Input data:
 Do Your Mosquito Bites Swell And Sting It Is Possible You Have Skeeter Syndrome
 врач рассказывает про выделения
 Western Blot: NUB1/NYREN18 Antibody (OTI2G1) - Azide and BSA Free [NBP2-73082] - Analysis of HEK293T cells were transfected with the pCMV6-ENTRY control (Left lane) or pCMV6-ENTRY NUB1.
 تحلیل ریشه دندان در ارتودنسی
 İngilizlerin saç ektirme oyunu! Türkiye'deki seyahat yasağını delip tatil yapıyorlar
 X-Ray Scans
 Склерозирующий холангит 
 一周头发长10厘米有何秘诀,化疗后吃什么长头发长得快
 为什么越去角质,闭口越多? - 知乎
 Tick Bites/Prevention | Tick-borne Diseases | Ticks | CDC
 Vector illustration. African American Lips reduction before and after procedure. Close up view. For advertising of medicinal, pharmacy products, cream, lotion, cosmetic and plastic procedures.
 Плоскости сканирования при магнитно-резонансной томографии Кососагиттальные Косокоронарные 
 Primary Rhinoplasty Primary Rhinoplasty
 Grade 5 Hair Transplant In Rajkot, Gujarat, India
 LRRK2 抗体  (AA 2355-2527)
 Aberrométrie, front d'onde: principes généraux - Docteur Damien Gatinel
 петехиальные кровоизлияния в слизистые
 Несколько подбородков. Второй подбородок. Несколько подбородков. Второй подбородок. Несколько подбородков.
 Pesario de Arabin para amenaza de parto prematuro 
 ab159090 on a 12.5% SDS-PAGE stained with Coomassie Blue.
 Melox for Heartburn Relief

Exercise:
Gather each line in the data that holds the string "with".

The completed task:
 Western Blot: NUB1/NYREN18 Antibody (OTI2G1) - Azide and BSA Free [NBP2-73082] - Analysis of HEK293T cells were transfected with the pCMV6-ENTRY control (Left lane) or pCMV6-ENTRY NUB1.
 ab159090 on a 12.5% SDS-PAGE stained with Coomassie Blue.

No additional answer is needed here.